## Work item
Take the lines from the one with "The North Face" to the end of the listing, both ends included, and quote them exactly, leaving pictures out.

## Records for the exercise
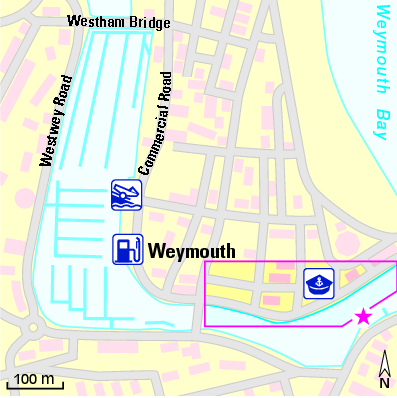 Karte Marina Weymouth Harbour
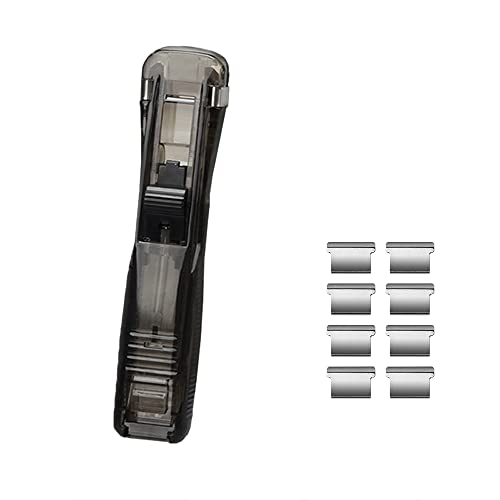 Transparenter Schwarz Push-Hefter Papierhefter mit 8 Wiederverwendbaren Clips, Binder-Clips zum Nachfüllen von Fast-Clam-Clip-Spendern für Schreibtischdokumente Büro Schule Transparenter Schwarz Push-Hefter Papierhefter mit 8 Wiederverwendbaren Clips, Binder-Clips zum Nachfüllen von Fast-Clam-Clip-Spendern für Schreibtischdokumente Büro Schule von SEIWEI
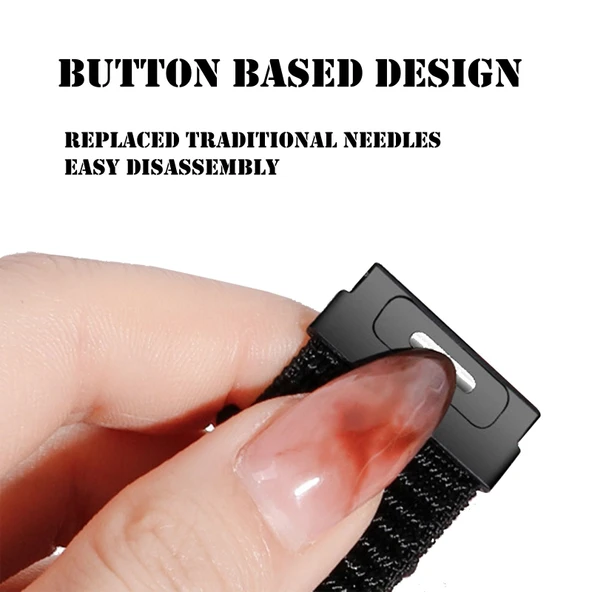 Xiaomi Mi Band 8 Pro/9 Pro Uyumlu Elastik Naylon Spor Kordon - Mor - 5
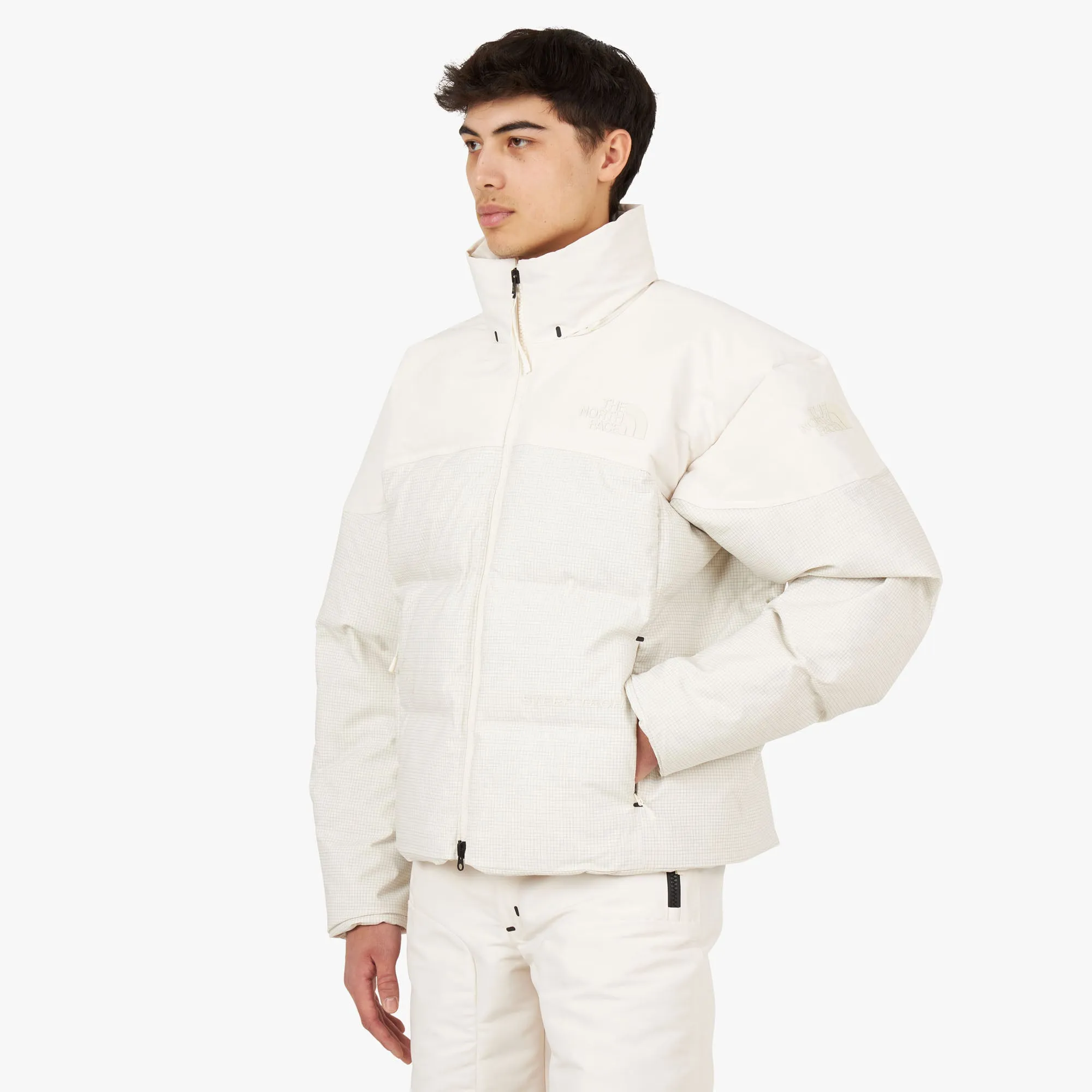 The North Face RMST Steep Tech Nuptse Down Jacket / White Dune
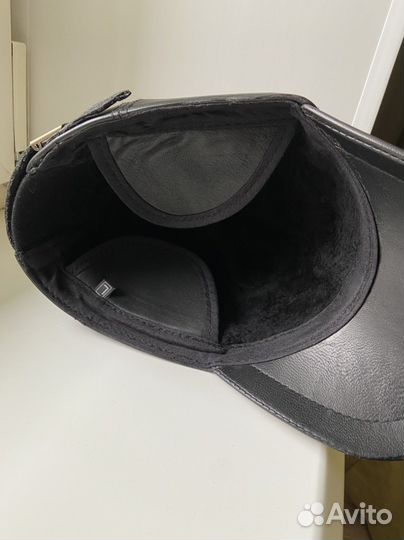 Кепка натуральная кожа и мех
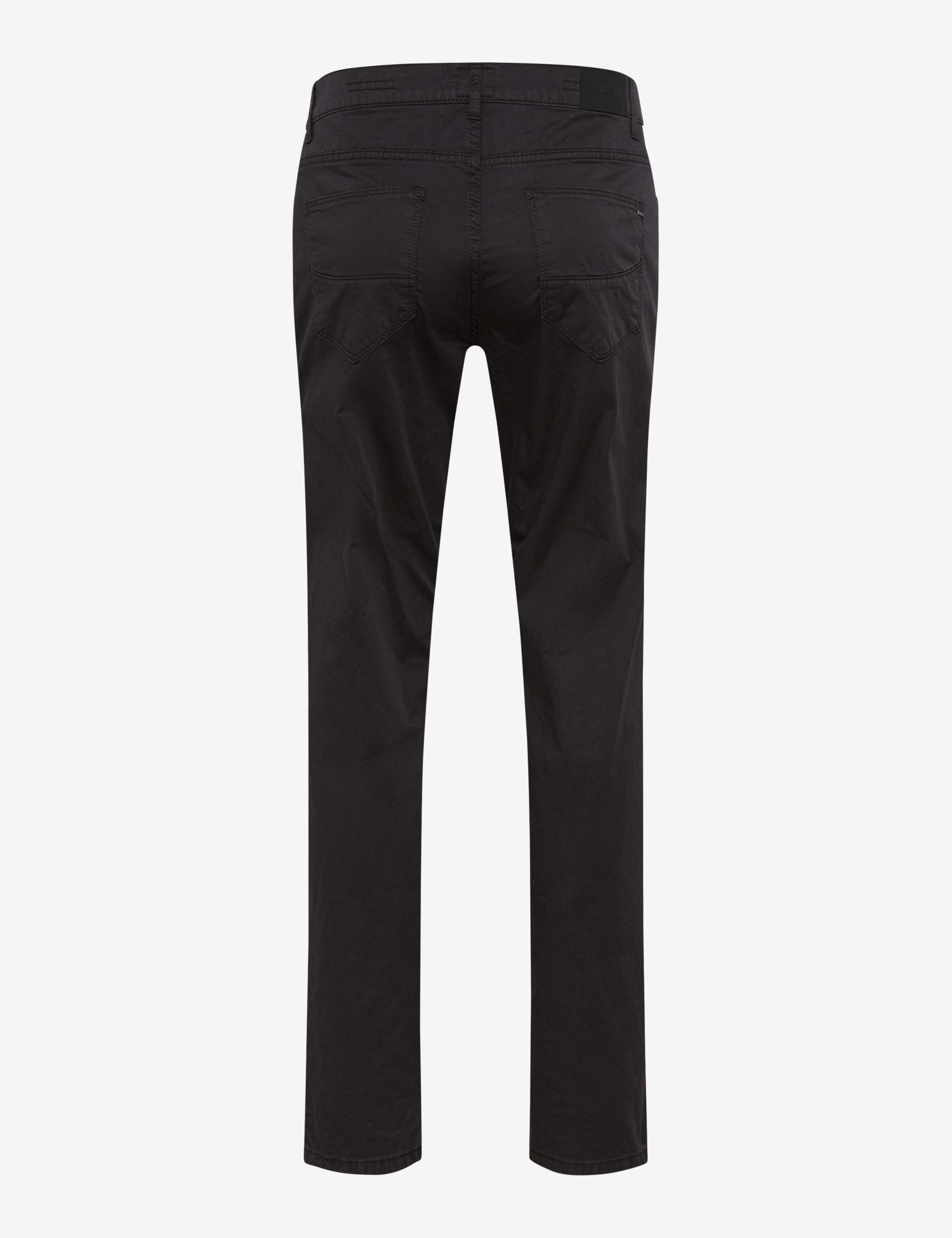 Herre Style CADIZ Sort Straight Fit Udskæring bagpå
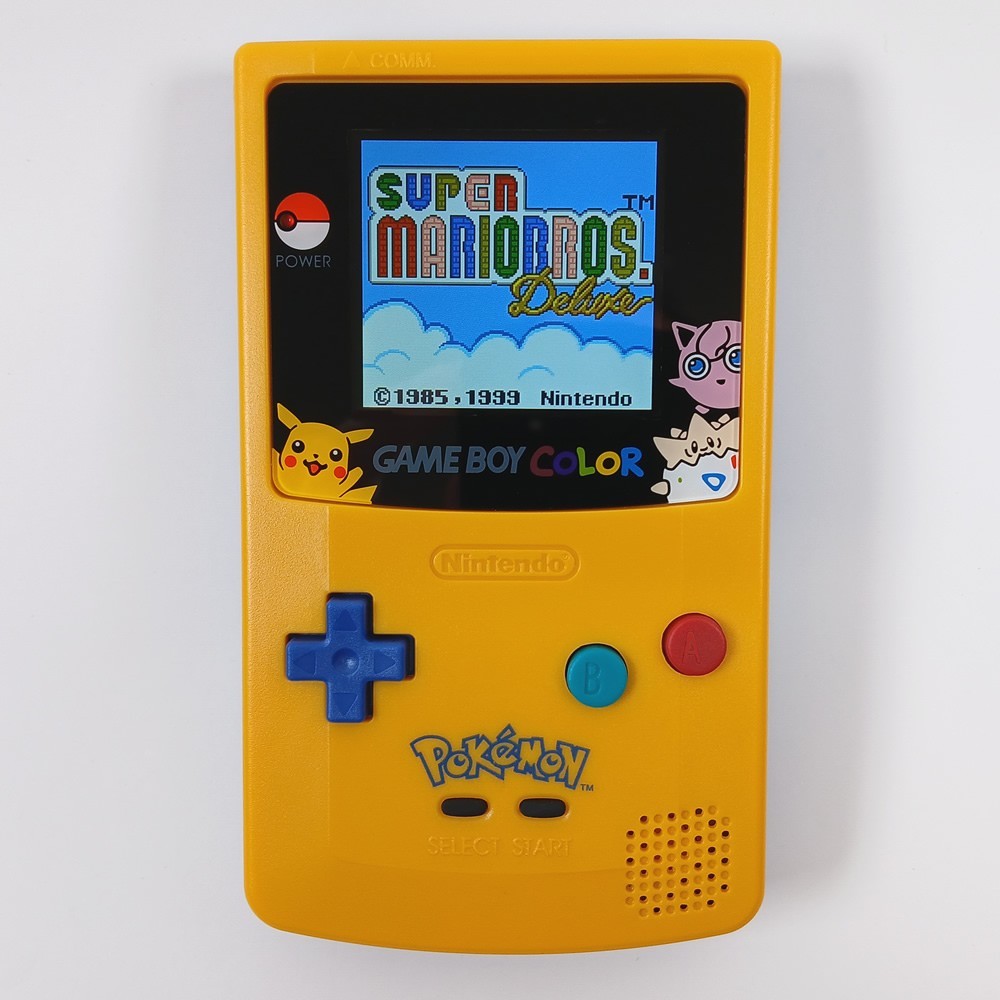 Nintendo Game Boy Color Console Pokemon GBC – Backlit IPS Screen Mod – MINT!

## Written reply
 The North Face RMST Steep Tech Nuptse Down Jacket / White Dune
 Кепка натуральная кожа и мех
 Herre Style CADIZ Sort Straight Fit Udskæring bagpå
 Nintendo Game Boy Color Console Pokemon GBC – Backlit IPS Screen Mod – MINT!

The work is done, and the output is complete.